- Residence: Beijing
- Nominator: Vahagn Khachaturyan
- Website: Armenian Embassy - Beijing

= List of ambassadors of Armenia to China =

The Armenian Ambassador to China (Հայաստանի Հանրապետության դեսպան Չինական Ժողովրդավարական Հանրապետությունում) is the head of the diplomatic mission of Armenia in the People's Republic of China.

==Background==
Armenian-Chinese official talks started, when the People's Republic of China officially recognized Armenia on 27 December 1991. Diplomatic relations between Armenia and the People's Republic of China were established on 6 April 1992.

The Armenian embassy was opened in Beijing on 10 October 1996.

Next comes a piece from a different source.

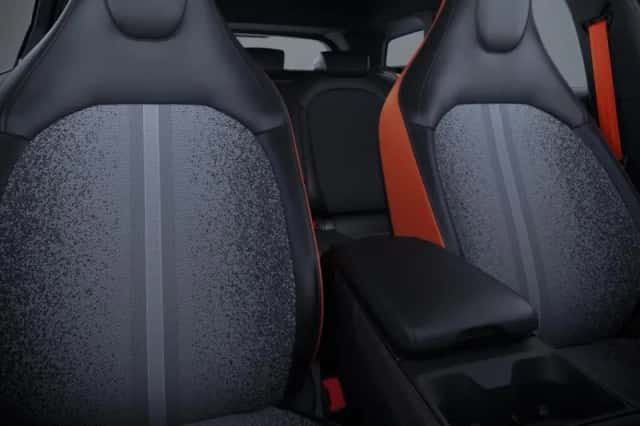 Ford Explorer (2026) thumbnail 5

==List of Envoys to the Republic of China==

| Name | Appointed | Terminated |
|---|---|---|
| Azat Martirosian* | 1996 | 1997 |
| Azat Martirosian | 1997 | 2001 |
| Vasili Kazaryan | 2001 | 2007 |
| Vahagn Movsisyan | 2007 | 2008 |
| Armen Sargsyan | 2008 | 2016 |
| Sergey Manassarian | 2016 | 2022 |
| Vahe Gevorgyan | 2024 | current |

- Charge d’Affairs of Armenia

The Armenian Embassy in China is also accredited to Singapore, Vietnam and South Korea.